When: September 14, 2016, 12:30 PM
Location: 3rd Floor Orchard View Room , Discovery Building
Contact: 608-316-4401, firstname.lastname@example.org
Faster Projection-free Algorithms for Optimization and Learning
Projected gradient descent (PGD), and its close variants, are often considered the method of choice for solving a very large variety of machine learning optimization problems, including sparse recovery problems, empirical risk minimization, stochastic optimization, and online convex optimization. This is not surprising, since PGD is often optimal in a very appealing information-theoretic sense. However, for many problems PGD is infeasible both in theory and practice since each step requires to compute an orthogonal projection onto the feasible set. In many important cases, such as when the feasible set is a non-trivial polytope, or a convex surrogate for a low-rank structure, computing the projection is computationally inefficient in high-dimensional settings. An alternative is the conditional gradient method (aka Frank-Wolfe algorithm) that replaces the expensive projection step with a linear optimization step over the feasible set. Indeed in many problems of interest, the linear optimization step admits much more efficient algorithms than the projection step, which is the reason to the substantial regained interest in this method in the past decade. On the downside, the convergence rates of the CG method often falls behind that of PGD and its variants. In this talk I will survey an ongoing effort to design CG variants that on one hand enjoy the cheap iteration complexity of the original method, and on the other hand converge provably faster, and are applicable to a wider variety of machine learning settings. In particular I will focus on the cases in which the feasible set is either a polytope or a surrogate for low-rank matrices. Results will be demonstrated on applications including: matrix completion, multi-class classification, video co-localization, and optical character recognition problems.

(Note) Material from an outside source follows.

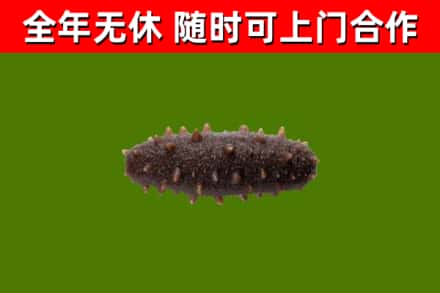 巴里坤烟酒回收干海参.jpg
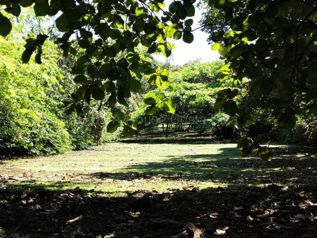 Venta de Lote en San Pablo de Turrubares. RAH 26-1602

The weekly SILO seminar series is made possible through the generous support of the 3M Company and its Advanced Technology Group
SILO is a lecture series with speakers from the UW faculty, graduate students or invited researchers that discuss mathematical related topics. The seminars are organized by WID’s Optimization research group.
SILO’s purpose is to provide a forum that helps connect and recruit mathematically-minded graduate students. SILO is a lunch-and-listen format, where speakers present interesting math topics while the audience eats lunch.